_TASK:_ Your task is to reproduce the listing exactly, without its images.

_SOURCE MATERIAL:_
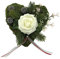 Radami Grabgesteck Grabschmuck Grabaufleger Moosherz Grabherz Trauerherz Grab Herz Gesteck und Rose (Rose Weiß)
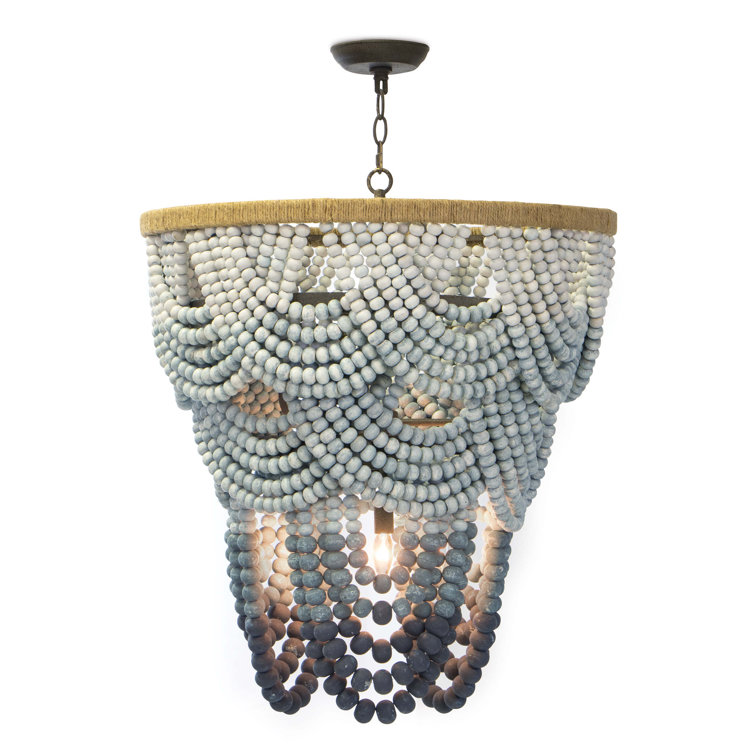 Blue Ombre Beaded Birch Wood 8-Light Chandelier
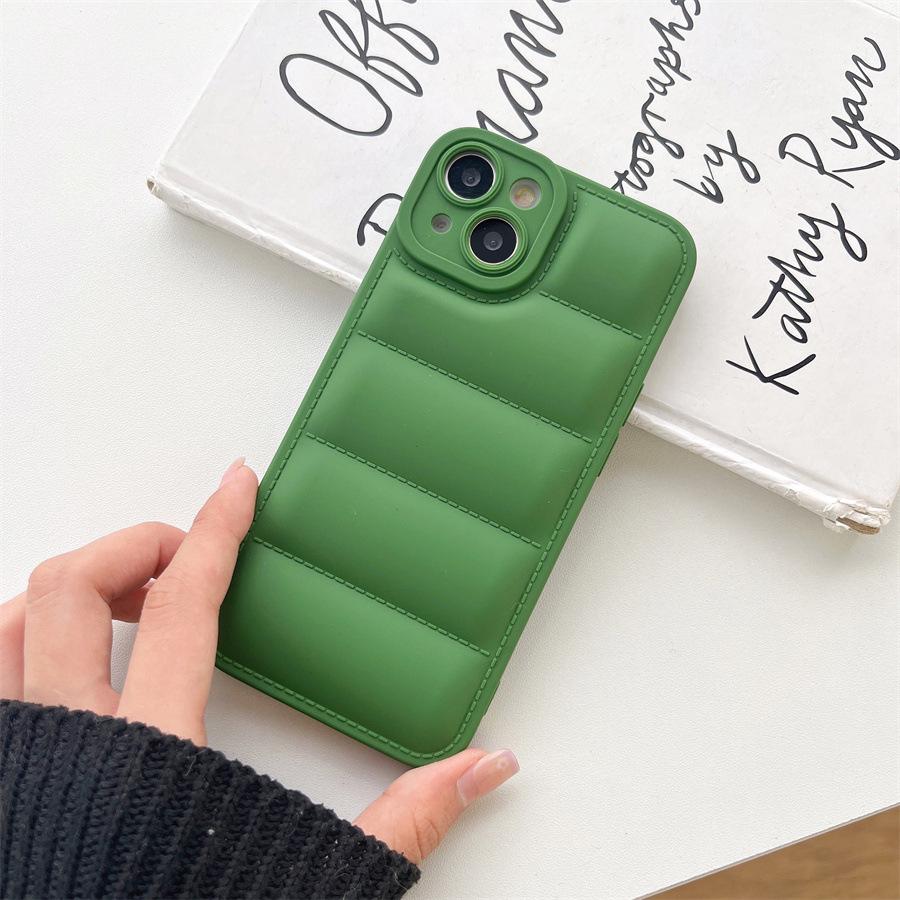 TPU Frosted Anti-Fingerprint Down Jacket for Apple iPhone 16, 14 Pro, 12, XR, 11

_WORKED SOLUTION:_
 Radami Grabgesteck Grabschmuck Grabaufleger Moosherz Grabherz Trauerherz Grab Herz Gesteck und Rose (Rose Weiß)
 Blue Ombre Beaded Birch Wood 8-Light Chandelier
 TPU Frosted Anti-Fingerprint Down Jacket for Apple iPhone 16, 14 Pro, 12, XR, 11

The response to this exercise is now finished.